Google’s Visual Case Study Of The Perils And Politics Of Automated Metadata
About six weeks ago on DAM News, we reported some problems that Flickr ran into with their automated tag suggestion feature and noted that there were both perils and politics involved with this type of exercise. Last week, with the revelation that Google had catalogued the images of two people featured in a set of photos as ‘Gorillas’, more tangible examples emerged of the risks of depending exclusively on these automated methods. To make matter worse, the subjects in the photos were both black (that’s as in race or ethnicity, for the benefit of any of Google’s auto-classification robots which might subsequently parse the text of this article). There were some suitably contrite soundbites issued by senior Google personnel, such as:
“This is 100% not OK,’ acknowledged Google executive Yonatan Zunger. [It was] high on my list of bugs you ‘never’ want to see happen” [Read More]
I don’t think I would care to argue with Yonatan’s assessment of their predicament and I would imagine that several meetings ‘without coffee’ were held in Mountain View involving the engineering team when this story first broke.
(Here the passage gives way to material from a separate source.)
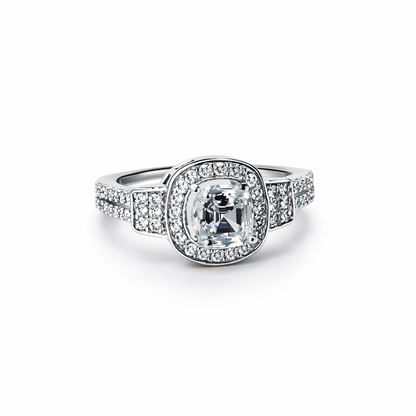 Solitaire Cubic Zirconia American Diamond Silver Plated Adjustable Ring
There was also some follow-up comment by Jacky Alcine who both featured in the offending image and bought it to Google’s attention (especially with reference to the first sentence):
“I do have a few questions, like what kind of images and people were used in their initial priming that led to results like these. [Google has] mentioned a more intensified search into getting person of colour candidates through the door, but only time will tell if that’ll happen and help correct the image Silicon Valley companies have with intersectional diversity – the act of unifying multiple fronts of disadvantaged people so that their voices are heard and not muted.” [Read More]
An argument made by proponents of automated metadata is that human beings make mistakes when carrying out this task and are not infallible either. That is a fair comment, except it glosses over several key distinctions which I want to discuss in this article because they might be instructive for anyone considering using automated methods to generate metadata for assets held in their DAM.
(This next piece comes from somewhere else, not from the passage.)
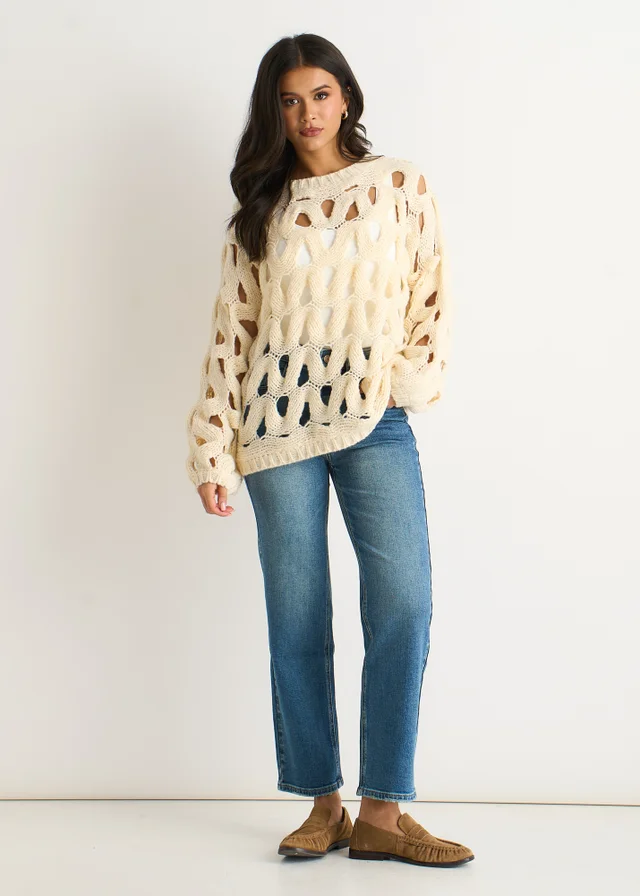 Gini London Butter Cream Hollow Chunky Knit Jumper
When analysed from a completely rational and logical perspective, computer software cannot ever make mistakes. If a given system does something that the user or programmer did not intend, either one or both of those parties had to be at fault. The software it is not a conscious entity so has no awareness of whether its performance of a given task is acceptable or is not. Most people intuitively understand this, however, anthropomorphising and then blaming an algorithm is less confrontational than outright accusing a live human being of screwing up. In Google case, there can’t really be considered to be users, per sé, so this has to come down to the limitations of the code used to classify the source material. The implication is that when mistakes like this occur, it is not a one-off, but exposes a flaw that will probably manifest itself again at some point. A comparison might be colour-blindness. If you can’t see hues of a given colour, then it is unlikely that you would use them as keywords when cataloguing. Until either the cataloguer’s colour-blindness is corrected or another person who is not similarly afflicted reviews and modifies their work, it will almost certainly happen again on other occasions. An observation that could be made in this case is that computer software (which can detect colours) could fulfil this role also, instead of the human cataloguer. That is a point I will return later and it does suggest how these technologies could be applied in a lower risk and productivity enhancing fashion.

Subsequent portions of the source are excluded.